▶ [Instructions for the task]: Could you retype the lines below, starting at the line holding "LUVIMO 15kg Ice" and stopping at the line holding "Nylon Pocket Knife", inclusive? Copy them exactly and drop the images.

▶ [Information shown]:
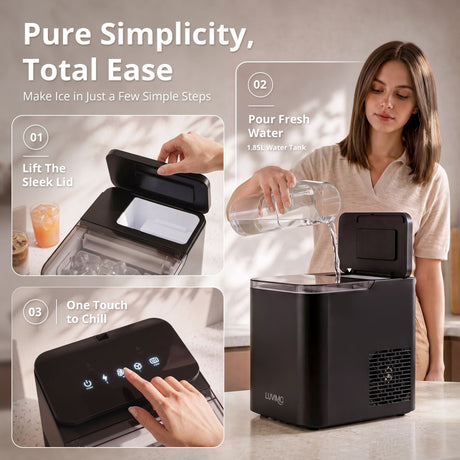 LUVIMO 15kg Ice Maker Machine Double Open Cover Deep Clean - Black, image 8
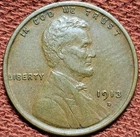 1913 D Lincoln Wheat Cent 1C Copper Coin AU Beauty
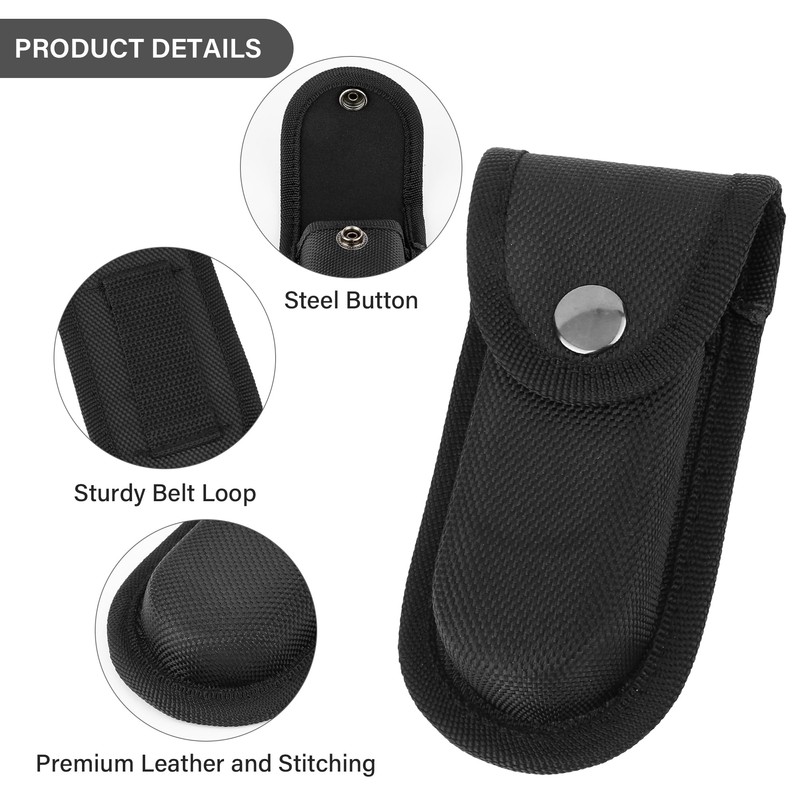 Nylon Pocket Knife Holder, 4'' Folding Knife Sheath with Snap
--
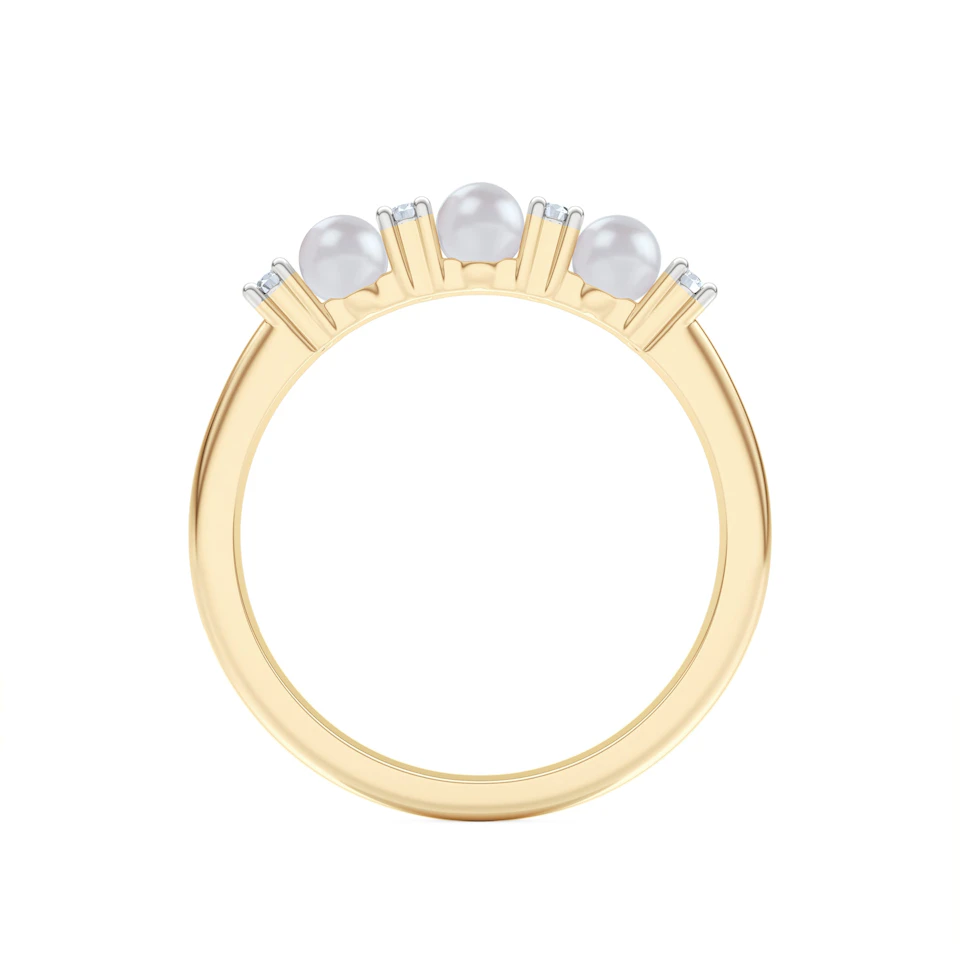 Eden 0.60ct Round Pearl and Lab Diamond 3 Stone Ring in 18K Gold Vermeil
* * *
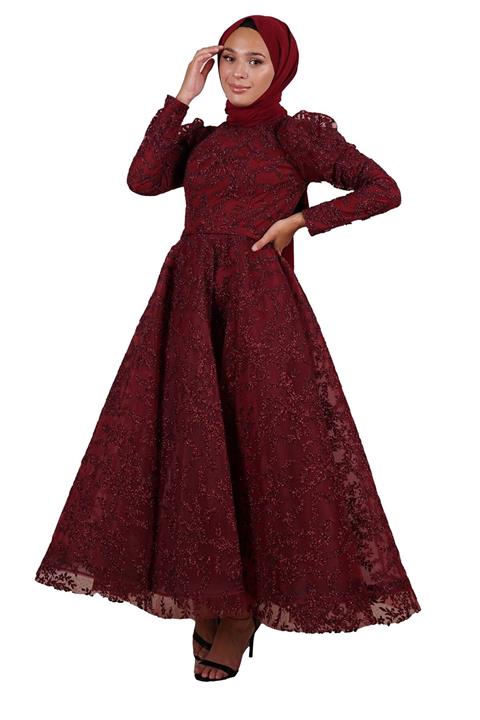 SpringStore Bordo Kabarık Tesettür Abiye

▶ [Response area]:
 LUVIMO 15kg Ice Maker Machine Double Open Cover Deep Clean - Black, image 8
 1913 D Lincoln Wheat Cent 1C Copper Coin AU Beauty
 Nylon Pocket Knife Holder, 4'' Folding Knife Sheath with Snap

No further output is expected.